Encourt en revanche la cassation, l’arrêt d’une Cour d’appel qui décide que l’assureur doit, au titre de l’assurance de responsabilité obligatoire, supporter le coût de la perte du mobilier détruit par l’incendie consécutif aux malfaçons affectant la partie nouvelle de l’immeuble.

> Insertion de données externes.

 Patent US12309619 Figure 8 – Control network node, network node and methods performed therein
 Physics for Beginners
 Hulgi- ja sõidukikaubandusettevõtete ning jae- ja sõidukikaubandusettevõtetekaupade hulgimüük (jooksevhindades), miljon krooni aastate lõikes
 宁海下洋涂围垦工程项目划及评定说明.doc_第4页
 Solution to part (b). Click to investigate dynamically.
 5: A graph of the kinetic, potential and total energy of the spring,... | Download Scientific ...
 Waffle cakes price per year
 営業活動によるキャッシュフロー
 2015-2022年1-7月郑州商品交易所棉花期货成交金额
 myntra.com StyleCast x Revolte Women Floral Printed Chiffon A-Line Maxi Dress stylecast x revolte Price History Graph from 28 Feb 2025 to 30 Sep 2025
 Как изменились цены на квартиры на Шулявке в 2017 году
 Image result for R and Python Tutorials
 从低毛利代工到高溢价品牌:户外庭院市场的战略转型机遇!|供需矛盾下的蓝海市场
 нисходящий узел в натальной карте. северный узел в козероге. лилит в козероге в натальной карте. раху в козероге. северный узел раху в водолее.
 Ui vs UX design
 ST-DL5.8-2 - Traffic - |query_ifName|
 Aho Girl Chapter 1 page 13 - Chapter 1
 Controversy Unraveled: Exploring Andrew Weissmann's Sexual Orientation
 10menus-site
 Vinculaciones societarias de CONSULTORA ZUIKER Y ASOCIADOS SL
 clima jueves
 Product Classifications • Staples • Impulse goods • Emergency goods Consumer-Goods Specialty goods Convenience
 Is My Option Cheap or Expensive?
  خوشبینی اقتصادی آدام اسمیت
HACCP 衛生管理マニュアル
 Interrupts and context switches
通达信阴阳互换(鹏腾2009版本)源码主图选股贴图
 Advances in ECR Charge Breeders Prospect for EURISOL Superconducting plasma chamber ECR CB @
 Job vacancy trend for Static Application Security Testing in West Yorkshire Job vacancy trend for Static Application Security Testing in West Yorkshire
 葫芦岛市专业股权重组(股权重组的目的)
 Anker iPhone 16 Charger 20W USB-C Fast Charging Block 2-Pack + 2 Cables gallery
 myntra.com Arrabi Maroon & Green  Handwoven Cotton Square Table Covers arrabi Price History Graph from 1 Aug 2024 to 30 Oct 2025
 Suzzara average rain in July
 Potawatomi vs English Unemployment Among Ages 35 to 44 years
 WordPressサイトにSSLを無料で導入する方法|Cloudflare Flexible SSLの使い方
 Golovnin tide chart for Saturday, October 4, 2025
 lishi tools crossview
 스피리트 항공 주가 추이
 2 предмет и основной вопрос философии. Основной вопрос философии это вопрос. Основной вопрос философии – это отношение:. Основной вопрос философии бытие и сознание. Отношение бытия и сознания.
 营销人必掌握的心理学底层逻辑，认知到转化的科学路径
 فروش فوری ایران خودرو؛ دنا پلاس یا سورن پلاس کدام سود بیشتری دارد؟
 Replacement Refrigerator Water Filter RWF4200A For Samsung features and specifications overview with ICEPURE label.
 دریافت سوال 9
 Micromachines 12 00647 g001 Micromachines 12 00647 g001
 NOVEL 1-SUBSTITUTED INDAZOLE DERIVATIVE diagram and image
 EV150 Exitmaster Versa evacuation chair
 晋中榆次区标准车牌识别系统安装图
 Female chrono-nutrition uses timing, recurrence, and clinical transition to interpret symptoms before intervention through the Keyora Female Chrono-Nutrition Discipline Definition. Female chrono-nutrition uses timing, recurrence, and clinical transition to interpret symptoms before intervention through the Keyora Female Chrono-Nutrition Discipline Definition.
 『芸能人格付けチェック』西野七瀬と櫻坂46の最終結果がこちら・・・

Cour de cassation (1re Ch. civ.) 29 février 2000
Compagnie d’assurance La Concorde c/Chirinian
La Cour,
Attendu qu’en 1986, les époux Chirinian ont confié à un entrepreneur, M. Bellaye, qui avait souscrit auprès de la société La Concorde, aux droits de laquelle est la compagnie Generali France assurances, l’assurance de responsabilité obligatoire imposée par l’article L. 241-1 du Code des assurances, la réalisation de travaux de bâtiment, dont une partie consistait en l’agrandissement de leur immeuble d’habitation avec installation d’une cheminée suivant la technique de « l’insert » ; que les malfaçons affectant cet « insert » ont provoqué en 1993 un incendie qui a détruit la totalité de l’immeuble et de son mobilier ; que l’arrêt attaqué (Angers, 29 avril 1997) a condamné l’assureur au paiement du coût des travaux de réparation et de la valeur du mobilier incendié ;
Sur le premier moyen, pris en sa première branche :
Attendu que l’assureur reproche d’abord à la Cour d’appel d’avoir étendu sa garantie aux « existants », qui ne constitueraient pas l’ouvrage à la réalisation duquel l’entrepreneur avait contribué, alors que l’assurance de responsabilité obligatoire ne s’étendrait pas à des dommages affectant la partie ancienne d’une construction et qu’il ne pourrait s’agir que d’une garantie facultative, de sorte qu’auraient été violés les articles L. 241-1, L. 242-2 et A. 243-1 du Code des assurances, ainsi que l’article 1134 du Code civil ;
Mais attendu que dès lors que la technique des travaux de bâtiment mise en oeuvre par l’entrepreneur a provoqué des dommages de nature décennale dont les conséquences ont affecté aussi bien la partie nouvelle de la construction que la partie ancienne, c’est à bon droit que l’arrêt attaqué a retenu que le contrat d’assurance de responsabilité obligatoire mettait à la charge de l’assureur l’obligation de garantir le paiement de la totalité des travaux de réparation nécessaires à la remise en état de l’ouvrage en son entier ;
Sur la seconde branche du même moyen :
Attendu que ce grief est inopérant dès lors que n’est pas en cause une garantie facultative qui aurait comporté une clause d’exclusion, mais la garantie obligatoire de l’assureur de responsabilité ;
Mais sur le second moyen :
Vu l’article L. 241-1 du Code des assurances, ensemble l’annexe 1 à l’article A. 243-1 du même Code ;
Attendu que la garantie de l’assurance de responsabilité obligatoire ne concerne que le paiement des travaux de réparation de l’immeuble ;
Qu’encourt dès lors la cassation l’arrêt attaqué en ce qu’il a décidé que l’assureur devait, au titre de l’assurance de responsabilité obligatoire souscrite par M. Bellaye, payer aux époux Chirinian la somme de 203 973 francs au titre de la perte de leur mobilier détruit par l’incendie consécutif aux malfaçons affectant « l’insert » ;
Par ces motifs,
Casse et annule, mais en ses seules dispositions ayant condamné la compagnie Generali France assurances à payer aux époux Chirinian la somme de 203 973 francs au titre de la perte de leur mobilier…
NOTE
1. L’arrêt rapporté casse – à juste titre – un arrêt d’une Cour d’appel qui avait décidé que l’assureur devait, au titre de l’assurance obligatoire de la responsabilité décennale d’un constructeur, indemniser le maître d’ouvrage de la perte de son mobilier détruit par un incendie consécutif à des malfaçons affectant un insert installé dans une cheminée, elle-même réalisée dans le cadre de l’agrandissement d’un immeuble d’habitation existant.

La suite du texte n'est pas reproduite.